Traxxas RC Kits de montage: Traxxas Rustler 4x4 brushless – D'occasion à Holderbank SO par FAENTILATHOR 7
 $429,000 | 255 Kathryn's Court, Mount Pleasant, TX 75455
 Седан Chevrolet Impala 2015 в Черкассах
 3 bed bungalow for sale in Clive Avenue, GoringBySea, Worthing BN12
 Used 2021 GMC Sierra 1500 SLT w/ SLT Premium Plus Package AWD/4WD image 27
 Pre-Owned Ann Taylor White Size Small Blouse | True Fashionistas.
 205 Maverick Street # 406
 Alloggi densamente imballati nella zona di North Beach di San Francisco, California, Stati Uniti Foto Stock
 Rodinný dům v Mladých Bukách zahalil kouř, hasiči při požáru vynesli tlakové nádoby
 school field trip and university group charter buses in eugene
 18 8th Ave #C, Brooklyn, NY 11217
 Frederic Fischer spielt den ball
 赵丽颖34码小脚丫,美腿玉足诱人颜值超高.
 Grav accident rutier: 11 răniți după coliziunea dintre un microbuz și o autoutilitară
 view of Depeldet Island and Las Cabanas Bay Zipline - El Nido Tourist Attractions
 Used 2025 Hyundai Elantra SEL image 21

**What is expected**
Your task is to transcribe the listing in full, so that each line reads exactly as before.

**Result of the exercise**
Traxxas RC Kits de montage: Traxxas Rustler 4x4 brushless – D'occasion à Holderbank SO par FAENTILATHOR 7
 $429,000 | 255 Kathryn's Court, Mount Pleasant, TX 75455
 Седан Chevrolet Impala 2015 в Черкассах
 3 bed bungalow for sale in Clive Avenue, GoringBySea, Worthing BN12
 Used 2021 GMC Sierra 1500 SLT w/ SLT Premium Plus Package AWD/4WD image 27
 Pre-Owned Ann Taylor White Size Small Blouse | True Fashionistas.
 205 Maverick Street # 406
 Alloggi densamente imballati nella zona di North Beach di San Francisco, California, Stati Uniti Foto Stock
 Rodinný dům v Mladých Bukách zahalil kouř, hasiči při požáru vynesli tlakové nádoby
 school field trip and university group charter buses in eugene
 18 8th Ave #C, Brooklyn, NY 11217
 Frederic Fischer spielt den ball
 赵丽颖34码小脚丫,美腿玉足诱人颜值超高.
 Grav accident rutier: 11 răniți după coliziunea dintre un microbuz și o autoutilitară
 view of Depeldet Island and Las Cabanas Bay Zipline - El Nido Tourist Attractions
 Used 2025 Hyundai Elantra SEL image 21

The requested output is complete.